→ EXERCISE BRIEF
Every line from the one containing "Certified 2023 Lexus" to the end of the records below should be returned exactly; pictures are to be dropped.

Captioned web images
# # # #

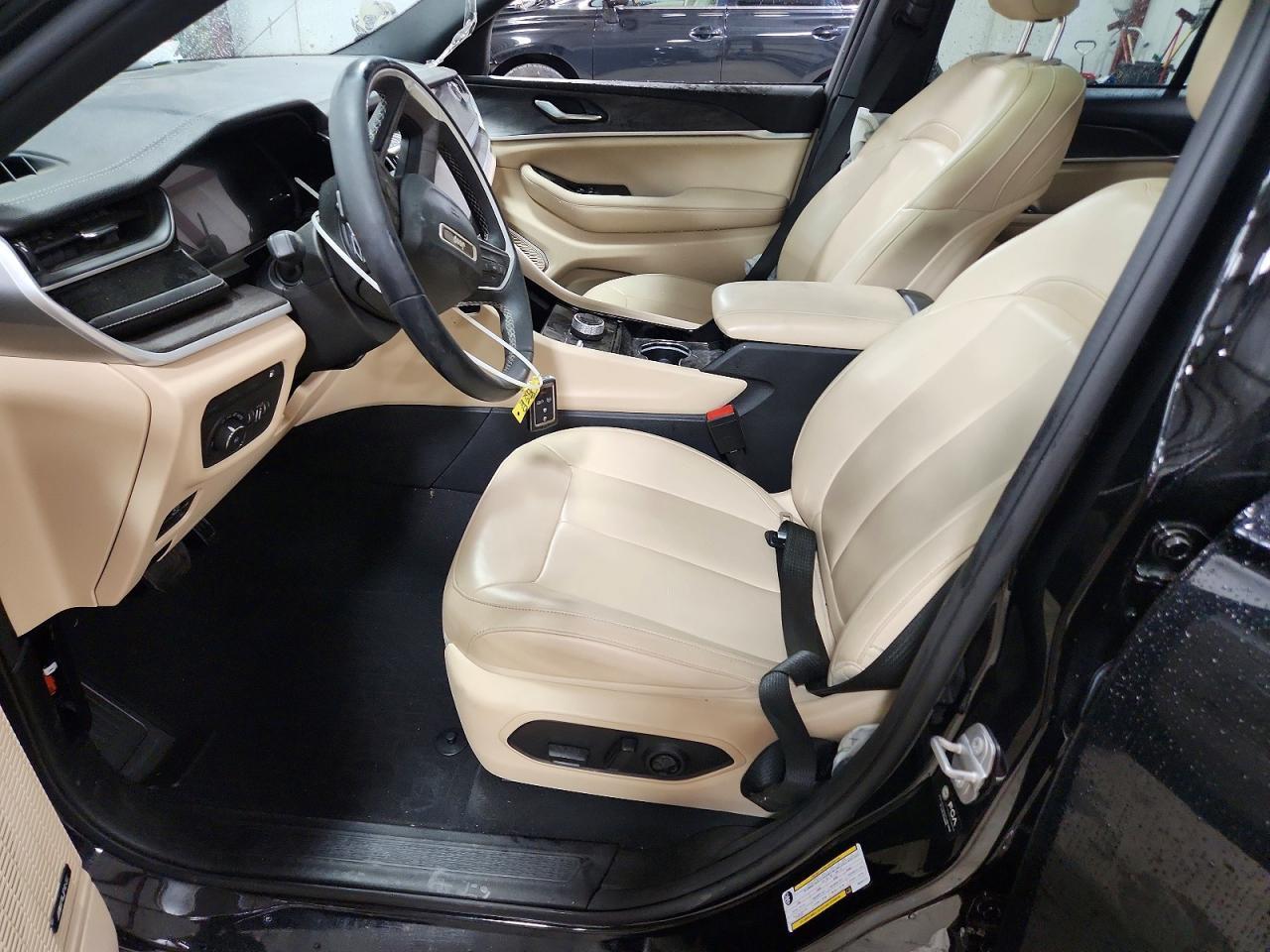 2023 JEEP GRAND CHEROKEE — фото 7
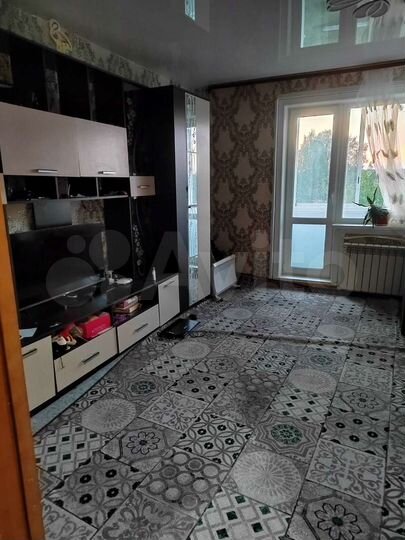 2-к. квартира, 52 м², 2/3 эт.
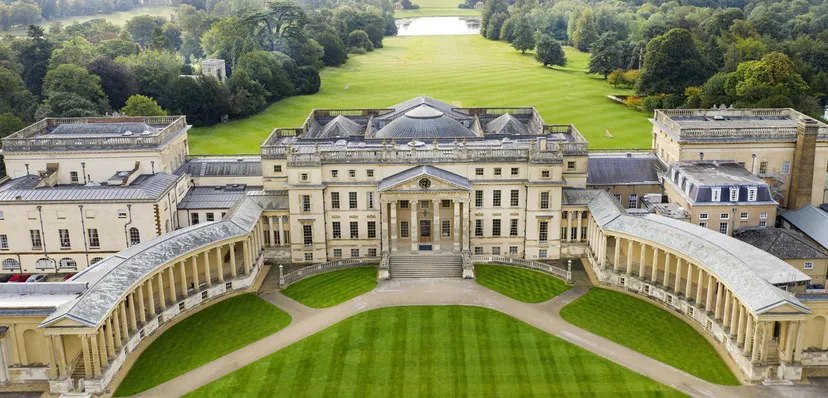 Vista aerea dello storico edificio principale della Stowe School con colonnati e ampi prati.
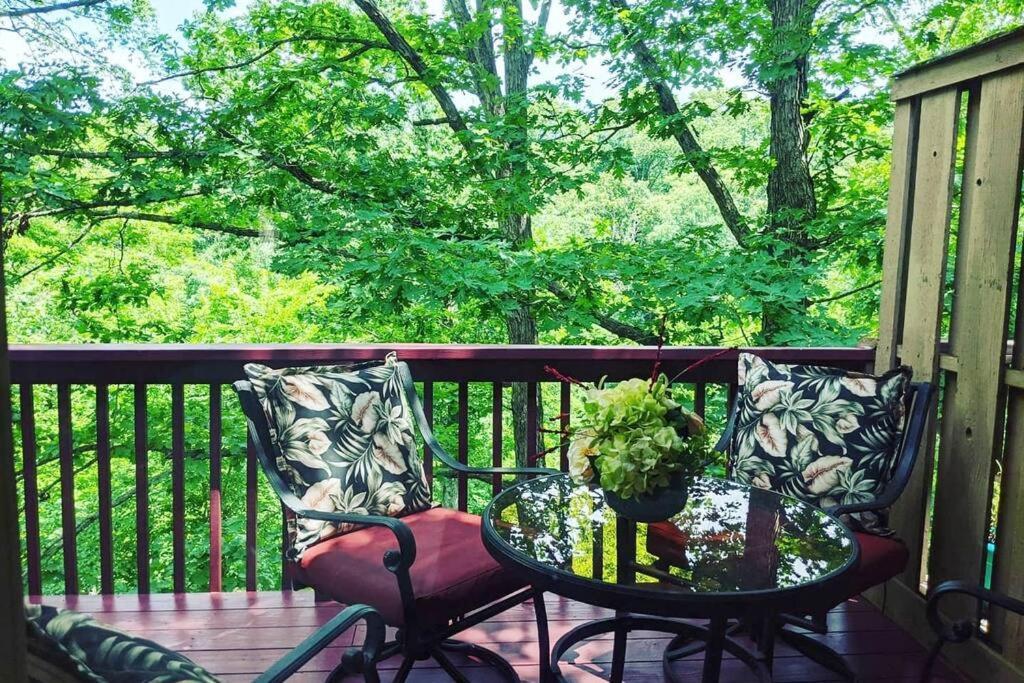 Apartament Corner Lake Getaway Bella Vista Zewnętrze zdjęcie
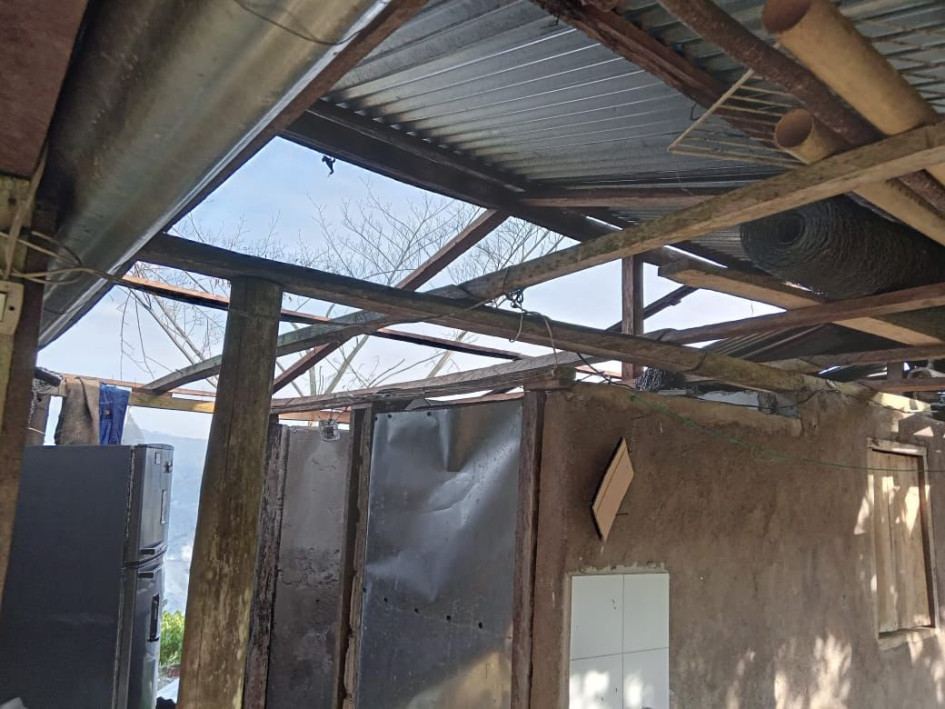 Así quedó una vivienda luego del vendaval del lunes en Samaná (Caldas). Así quedó una vivienda luego del vendaval del lunes en Samaná (Caldas).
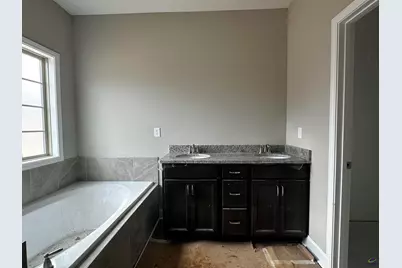 904 Nora Eloise Drive, Bonaire, GA 31005 - Photo 10
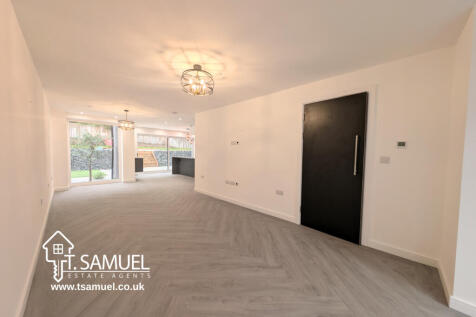 PXL_20251003_094954095~2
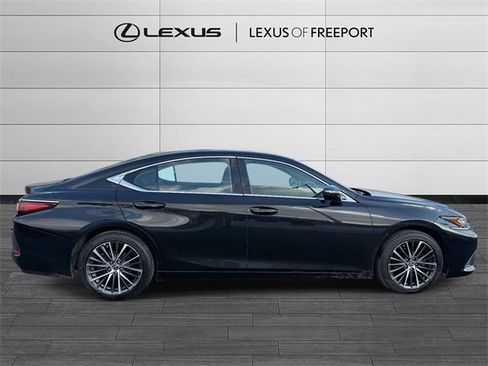 Certified 2023 Lexus ES 350 w/ Premium Package image 4
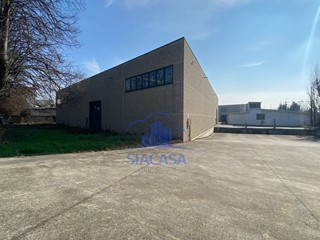 Capannone in Vendita a Desio, 1'250'000€, 1190 m²
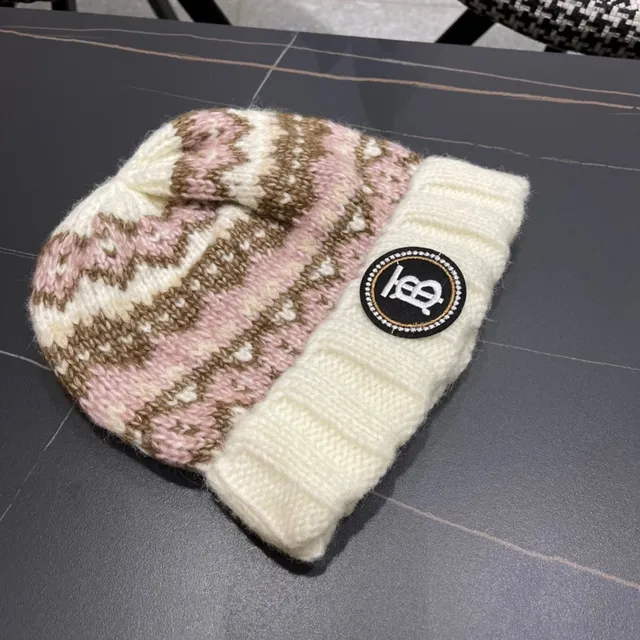 قبعة محبوكة Fair Isle بألوان كريم وباستيل 5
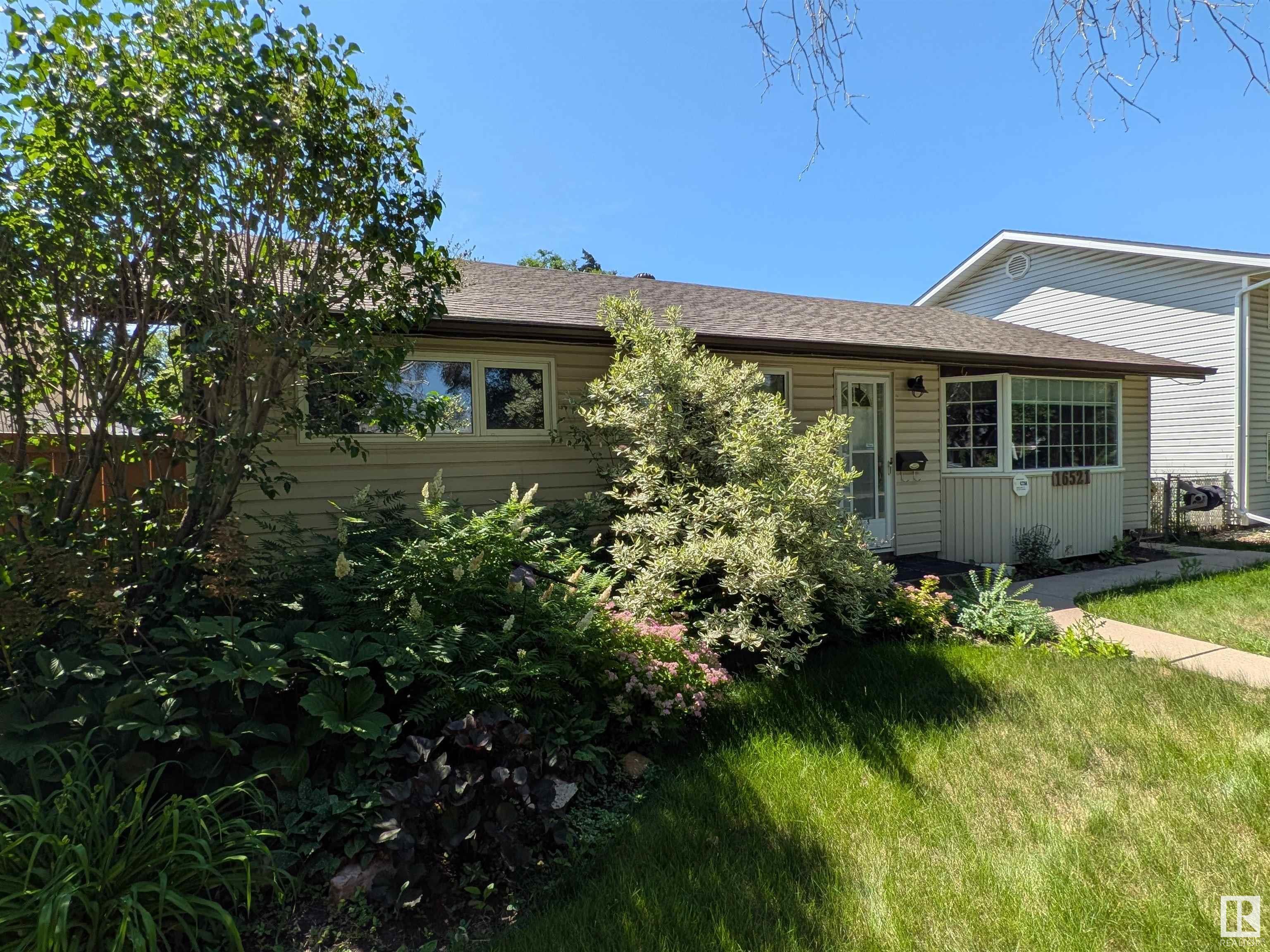 Property Photo: 16521 106 Avenue NW AB T5P 0X1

# # # #

→ EXPECTED ANSWER
 Certified 2023 Lexus ES 350 w/ Premium Package image 4
 Capannone in Vendita a Desio, 1'250'000€, 1190 m²
 قبعة محبوكة Fair Isle بألوان كريم وباستيل 5
 Property Photo: 16521 106 Avenue NW AB T5P 0X1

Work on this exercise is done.